In general, the basic requirements under MAR mirror the existing rules under MAD 2003. For instance, the definitions relating to insider trading and the requirement for issuers to disclose inside information as soon as possible largely remain the same. Several changes, however, will have significant implications for market participants.

Most notably, the MAR has an expanded scope. While the MAD 2003 applied only to financial instruments trading on regulated markets, the MAR also extends to new trading platforms (multilateral trading facilities and organised trading facilities), not just traditional stock exchanges. Furthermore, in the aftermath of the 2012 LIBOR manipulation scandal, the MAR and the MAD 2014 explicitly prohibit manipulation of benchmarks and make this an administrative and criminal offence, respectively, across the EU.

The MAR will also add some enhanced requirements. For instance, issuers will have to create and maintain records providing evidence that they are complying with rules for delaying disclosure of inside information. And there will be harmonised rules for the creation of lists of insiders. In addition to this, the MAR will require professionals arranging and carrying out transactions to report suspicious orders and maintain effective systems to detect suspicious orders and transactions. Furthermore, market operators and investment firms that operate a trading venue will have to set up and maintain systems for preventing and detecting market abuse and attempted market abuse.

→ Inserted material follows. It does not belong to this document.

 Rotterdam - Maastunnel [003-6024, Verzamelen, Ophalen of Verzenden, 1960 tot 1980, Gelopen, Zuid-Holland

Transparency and protection of 'whistle-blowers'

In addition, the MAR contains broad transparency requirements. These include requirements for disclosing transactions by issuers' managers. MAR also requires producers and disseminators of investment recommendations to objectively present and to disclose their conflicts of interests. Moreover, MAR introduced the concept of closed periods – extending 30 days before the announcement of required interim or year-end financial reports – during which managers generally cannot trade in the issuer’s securities or related securities. Last but not least, as part of the MAR implementation the European Commission adopted rules to protect so-called 'whistle-blowers', i.e., people who report instances of potential or actual market abuse breaches.

Finally, market integrity will remain a major focus for European regulators, and EU market abuse rules are instrumental to maintaining confidence in the financial markets.